# ISO help for preparing bulk chicken wings



## mamaclam (Jun 8, 2007)

i am to prepare 200 chicken wings for a group.   how can i quicken the cooking,  without comprising the flavor and quality.  I would really like to cook the wings a day ahead because of the time factor involved.  do you guys have any ideas?   I use a propane gas deep frying pot outside to enhance the flavor.   i have always  received raves about the wings that i have cooked in the past but now that i am getting older, trying to do this work is taxing.   please help


----------



## TATTRAT (Jun 8, 2007)

I say fry them in batches, 10 min per batch. Much quicker the baking. Them flavor them in batches too just using a large mixing bowl.


Are the wings fresh or frozen?


----------



## Uncle Bob (Jun 8, 2007)

Welcome to DC mamaclam...Welcome

For my personal taste, if ya cook them a day ahead it would be the last time you cook for me How about a bigger pot? How about another propane cooker and two pots?
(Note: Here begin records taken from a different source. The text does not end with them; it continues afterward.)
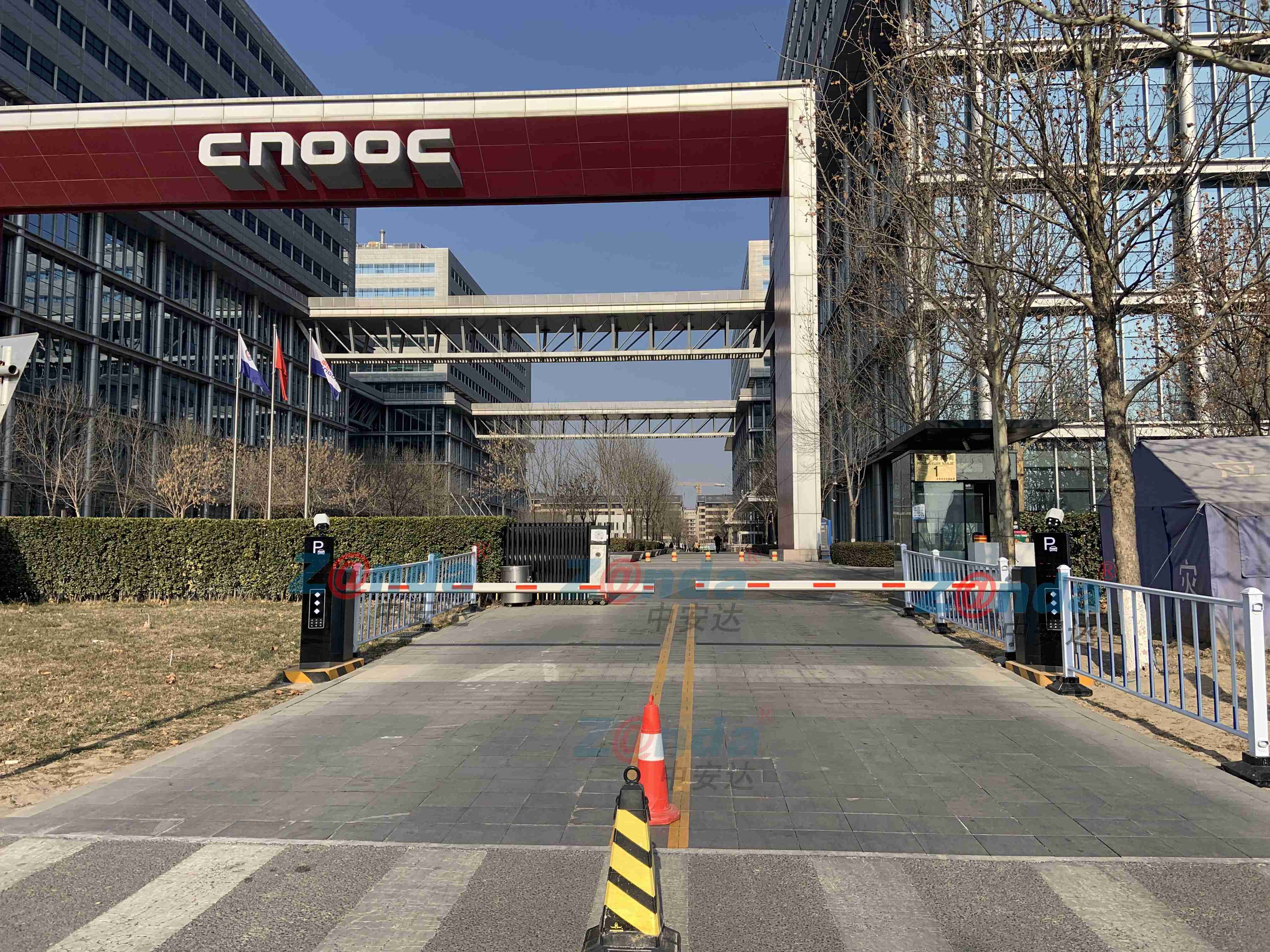 中海油能源研究院車(chē)牌識別系統+人行通道+人臉識別系統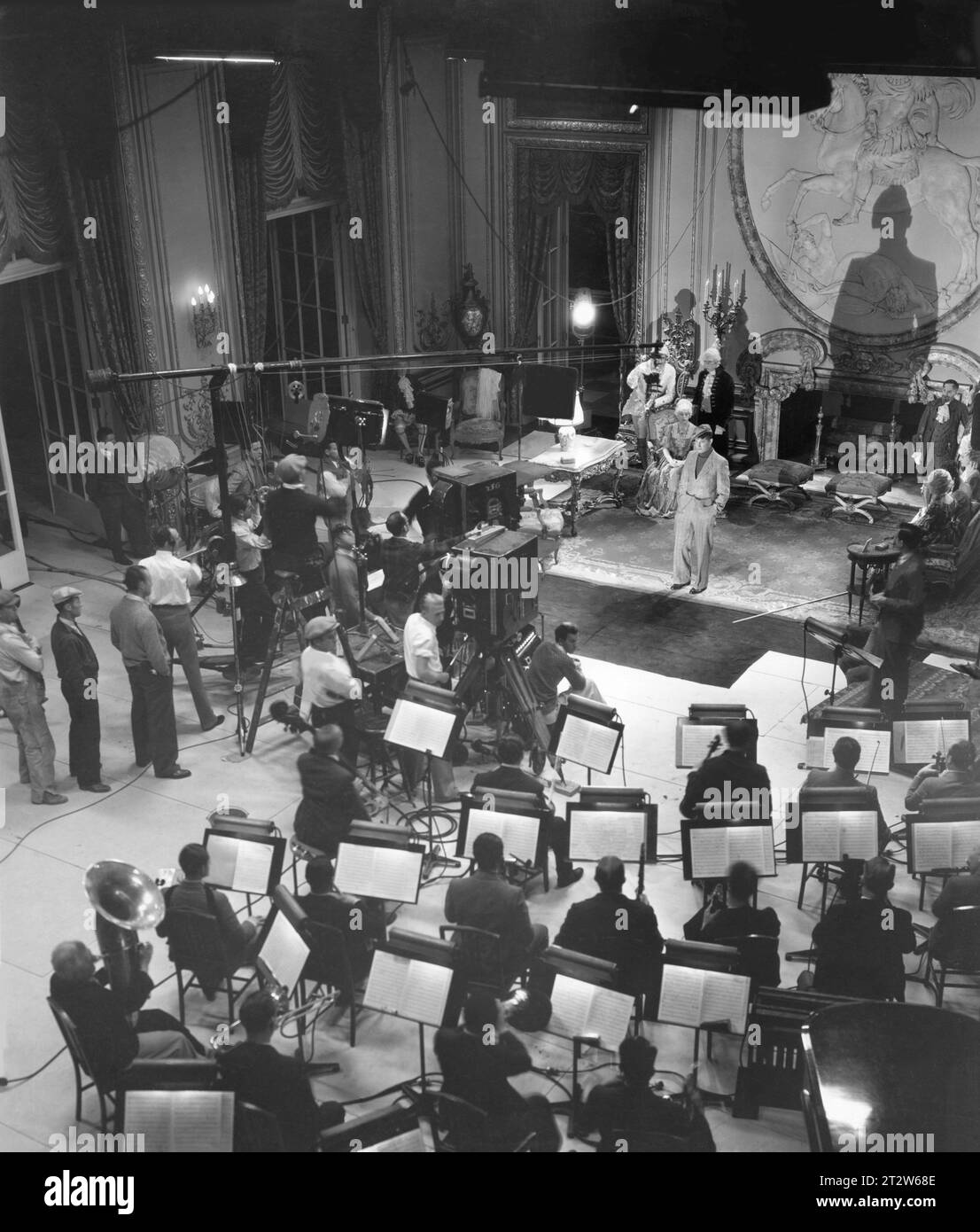 MAURICE CHEVALIER che filma LOVE ME TONIGHT 1932 con l'orchestra in studio sul palco sonoro dei Paramount Studios. Direttore ROUBEN MAMOULIAN da The Play di LEOPOLD MARCHAND e PAUL ARMONT Costume Design di TRAVIS BANTON e EDITH HEAD musica di RICHARD RODGERS e testi di LORENZ HART Paramount Pictures Foto Stock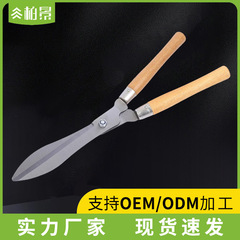 木の柄の芝生は家庭用の剪定をします。
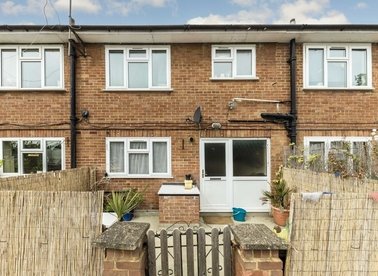 Properties let in Avenue Parade - TW16 5HS view1
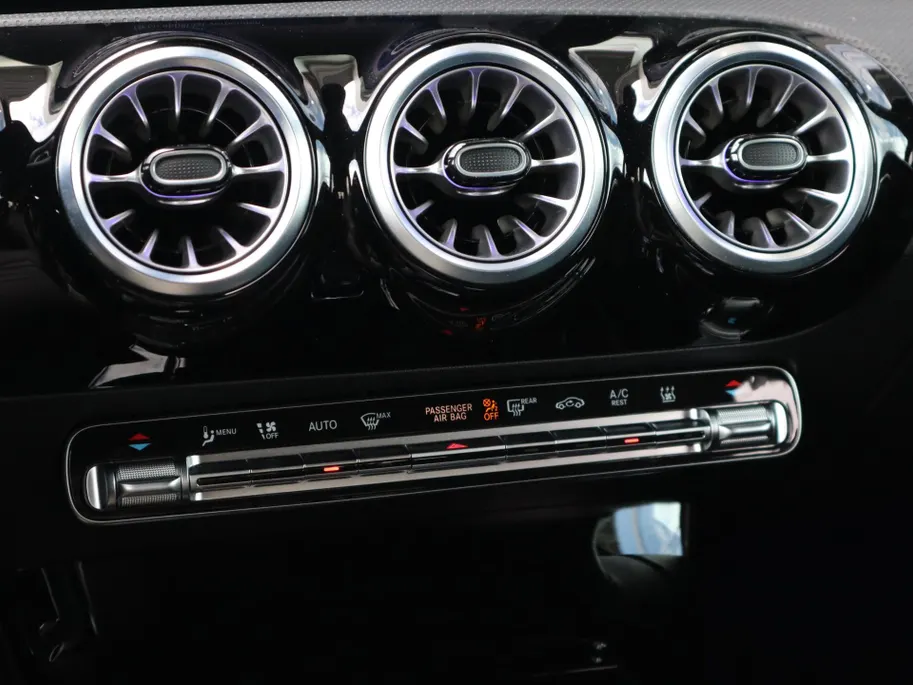 Mercedes-Benz A-Klasse 250 e Business Line l Keyless l Achteruitrij camera l Stoelverwarming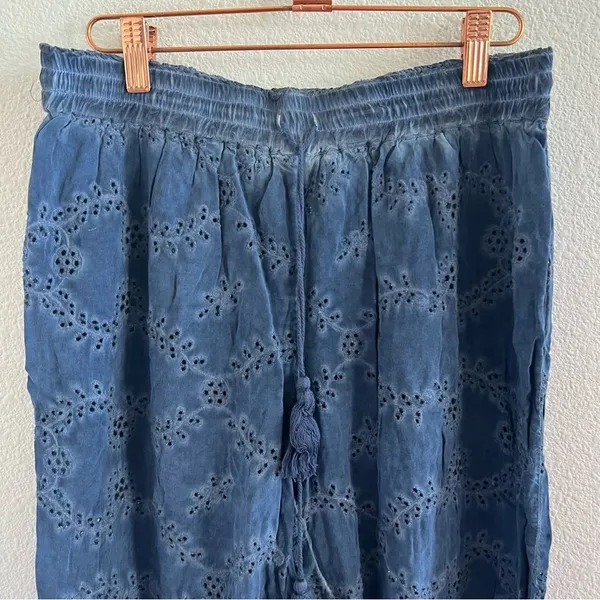 YFB Young Fabulous & Broke Blue Eyelet Lace Pants Rayon Cotton Medium - Image 10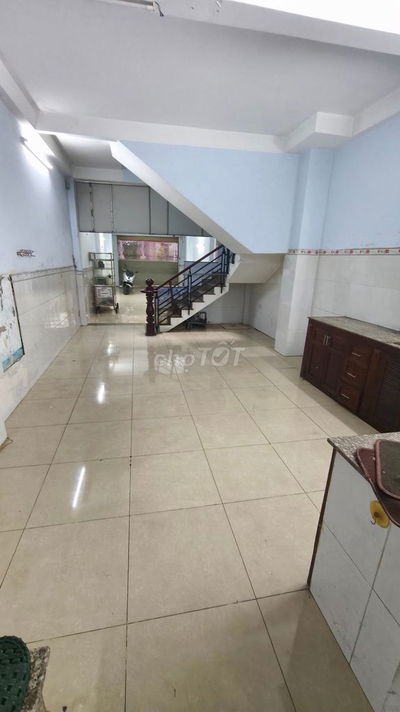 Cho thuê NMT 863 Lũy Bán Bích, 22 triệu, 81m2, Tân Thành, Tân Phú, HCM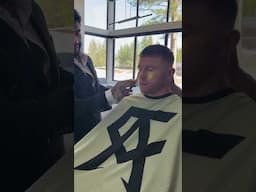 😱 ‘Canelo’ Álvarez se prepara para pelear contra Scull usando una mascarilla de oro de 24 kilates 🥊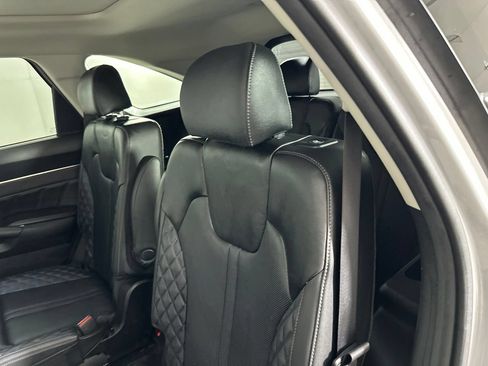Used 2023 Kia Sorento SX AWD/4WD image 31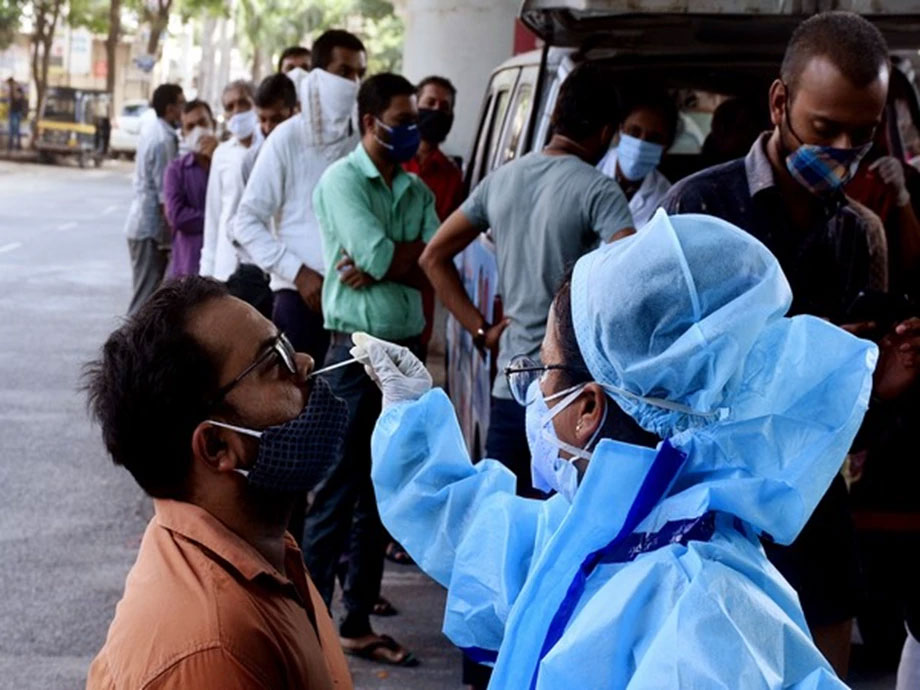 India reports 2,55,874 new COVID cases, daily positivity rate dips to 15.52 pc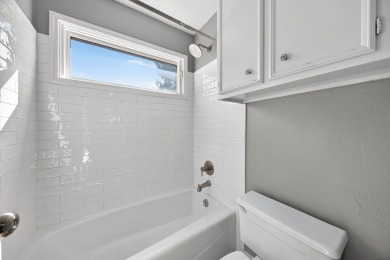 Charming Green Tree home with fresh exterior paint, circle drive on Green Tree Country Club in Texas - for sale on GolfHomes.com, golf home, golf lot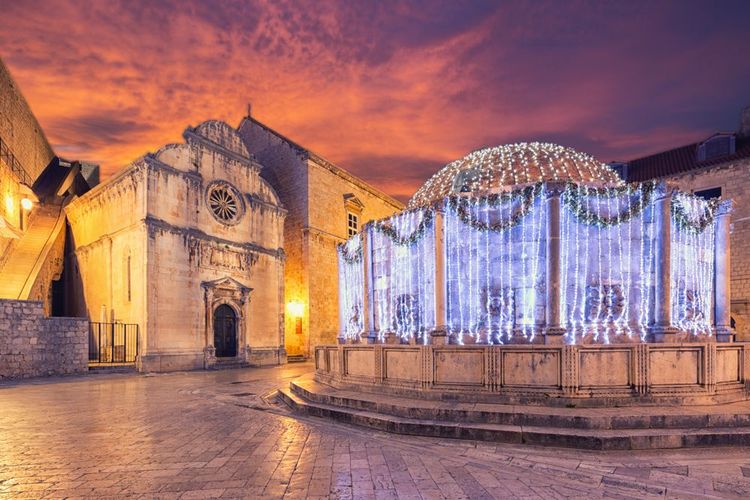 L'ingéniérie médiévale est mis souvent à l'honneur à travers la fontaine d'Onofrio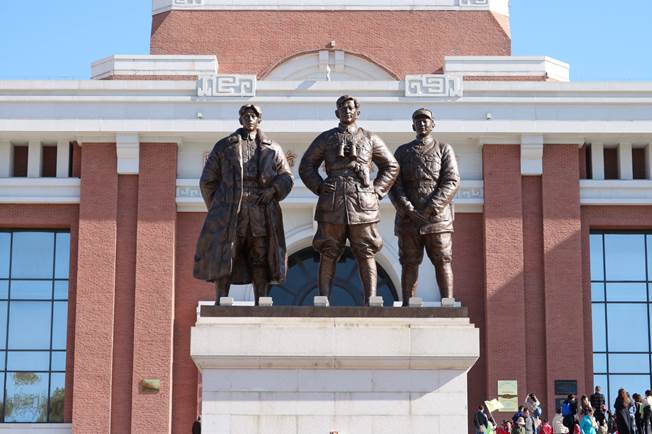 /Users/songyilong/Desktop/IMG_7652 (1).jpg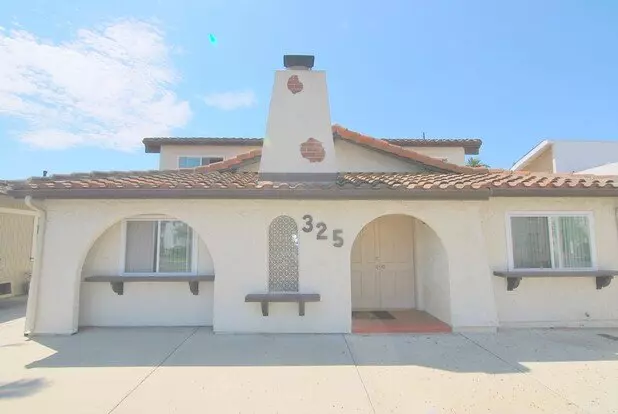 Hacienda Redondo Apartment for rent in Long Beach, CA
Definnitely "volunteer" a couple of folks to help!.......if they wanna eat! 

Have fun and Enjoy!


----------



## kitchenelf (Jun 8, 2007)

Well, it seems you've got the cooking part of it down.  Like TATT said, just cook in batches and cooking ahead of time wouldn't bother me.  To re-heat just wrap about 20 or so in foil bundles and heat in the oven.  It sounds like you need to recruit some help for preparation and clean up, like Uncle Bob said!  Anyone who appreciates these wonderful wings you make would surely help in the prep/clean up.


----------